1. 2018年の辞はどれほどユニークか?
2018年の辞を過去の新年の辞と比較する方法は数多くある。本稿では、今年の辞に現れるユニグラム(単語)を、1946年以降の全ての過去の新年の辞と比較するという、シンプルで直感的な方法を採用する。その後、クラスタリング手法を用いて、使用された語彙に基づいて各辞を分類する。
図1は、1946年から2018年までの新年の辞のクラスタリングを示している。左から2番目のクラスタは、金正日時代と金正恩時代をカバーする1994年以降のクラスタである。2017年と2018年の辞が、1994年以降のクラスタ内の distinct なサブクラスタを構成していることがわかる。言い換えれば、2017年から2018年にかけての新年の辞で選ばれた語彙は、金正恩氏の2017年以前の辞(2013年~2016年)や金正日氏の辞とは大きく異なる。では、この語彙構造の変化は何によってもたらされたのか?2017年から2018年にかけての新年の辞の distinct な語彙構造を構成するものは何か?これらについては、後ほど詳しく議論する。
2. 軍事力における決定的な転換
新年の辞において、北朝鮮の指導者は通常、様々な誇張された形容詞を用いて前年の成果を称賛する。そのため、前年の要約文は、アナリストが通常あまり注目しない部分である。しかし、北朝鮮の指導者が前年を特に重要だと考えている場合、勝利を強調するために最上級の使用をためらわない。その点で、2017年から2018年にかけての新年の辞は、前年の成果に対する強調という点で際立っている。
要約文が通常どのようなものかを知るために、2013年から2018年までの直近6回の新年の辞から要約文を抜き出し、表1にまとめた。金正恩氏は2013年からこの体制の新年の辞を発表している。新年の辞は、編集記事、「労働新聞」、3つの主要新聞(「労働新聞」、「朝鮮人民軍」、「青年戦衛」)による共同編集記事、祝賀声明、または演説といった様々な形式で発表される可能性がある。2013年から2018年までの6回の辞はすべて、金正恩氏が直接行った演説の形式をとった。表1では、前年の要約文の主要なフレーズを太字でまとめた。
2018年の辞の主要なフレーズを理解するためには、一歩戻って2017年の辞を見る必要がある。2017年の辞は、2016年を「革命的な出来事の年、偉大な変化の年」と定義した。この劇的な変化を構成したのは、北朝鮮が「核強国」および「軍事強国」へと変貌したことである。具体的には、金正恩氏は最初の水素爆弾実験と核弾頭爆発実験に言及した。最も重要なのは、大陸間弾道ロケット試験発射計画が「終盤段階」に達したと主張したことである。

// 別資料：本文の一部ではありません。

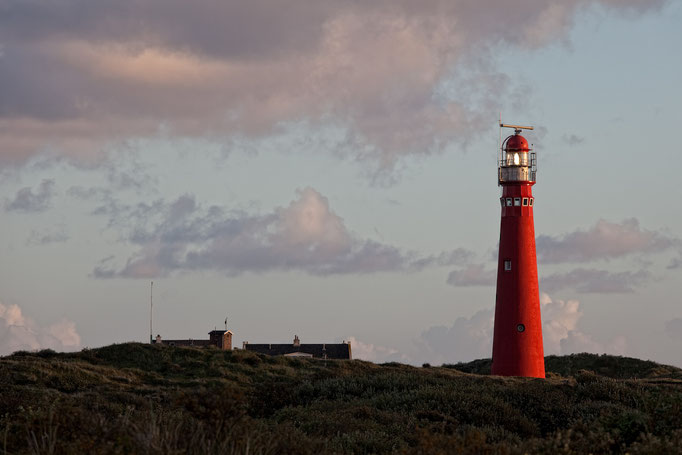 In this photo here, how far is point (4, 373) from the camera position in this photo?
120 ft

今年の辞は、軍事防衛システムにおける劇的な変化が「完了した」と宣言した。金正恩氏は、この変化の完了が、社会主義強国になるための歴史に「不滅の里程標」を打ち立てたと宣言した。その意味で、2017年は北朝鮮にとって「英雄的な闘争と偉大な勝利の年、不滅の里程標を打ち立てた年」であった。金正恩氏は、社会主義強国建設という長い道のりが、1年前に約束した大陸間弾道ロケット試験発射の成功を証明することによって、「不滅の里程標」を通過したと国民に伝えた。これは、金正恩氏が2017年に、北朝鮮が強力な社会主義核保有国になるための道のりにおいて重要な転換点を通過したと考えていることを意味する。
3. 核、核、核
2018年の辞の2番目に特徴的な点は、核関連用語の頻度である。図2は、金日成以降の体制が発表した近年の辞における核関連用語の頻度を示している。2018年の辞は、核関連用語が出現する頻度において際立っている。
2018年の辞における核関連用語の高い頻度は、2017年11月29日の火星15型大陸間弾道ミサイル(ICBM)の試験発射で最高潮に達した、いくつかの核兵器および弾道ミサイルシステムの試験成功に起因する北朝鮮の自信を反映している。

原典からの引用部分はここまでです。